Terrance Carter forced more missed tackles than any tight end in the country. He bypassed the portal and the draft to anchor a Texas Tech team with real Playoff ambitions — the safety valve who turns a short catch into a long gain.
Carter's 2025 was built on what happens after the catch: roughly 46 receptions for 552 yards, and a nation-leading 23 forced missed tackles among FBS tight ends — a 6-2, 245-pound move tight end who "excels in space." He chose to return rather than test the portal or the draft, staying to build chemistry with the Texas Tech quarterback room. The forward stakes ride the program's: the Red Raiders enter 2026 with playoff ambitions, and Carter is the reliable, run-after-catch security blanket those offenses need.
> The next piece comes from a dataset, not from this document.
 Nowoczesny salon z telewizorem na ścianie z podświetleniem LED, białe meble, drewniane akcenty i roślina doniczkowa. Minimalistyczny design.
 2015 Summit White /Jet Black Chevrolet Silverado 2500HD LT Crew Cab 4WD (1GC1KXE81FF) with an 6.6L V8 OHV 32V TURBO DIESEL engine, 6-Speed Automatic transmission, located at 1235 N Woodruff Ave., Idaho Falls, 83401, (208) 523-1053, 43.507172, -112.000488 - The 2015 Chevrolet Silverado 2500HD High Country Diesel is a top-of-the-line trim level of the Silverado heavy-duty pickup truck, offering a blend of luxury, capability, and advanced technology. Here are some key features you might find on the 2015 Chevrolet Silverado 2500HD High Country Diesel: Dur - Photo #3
He's not the highlight-reel vertical threat; he's the third-down conversion and the chunk gain that keeps drives alive.
How he plays
Carter is a yards-after-catch tight end — the defining number is the one he led all FBS tight ends in: 23 forced missed tackles. At 6-2, 245, he's described as a player who "excels in space," the move-tight-end profile that wins on the catch-and-run rather than the contested deep ball. He's a chains-mover and a matchup piece in the middle of the field, the reliable target a quarterback finds when the play breaks down. The growth edge is volume and the vertical element; the floor is a dependable, tackle-breaking safety valve on a team that wants to contend.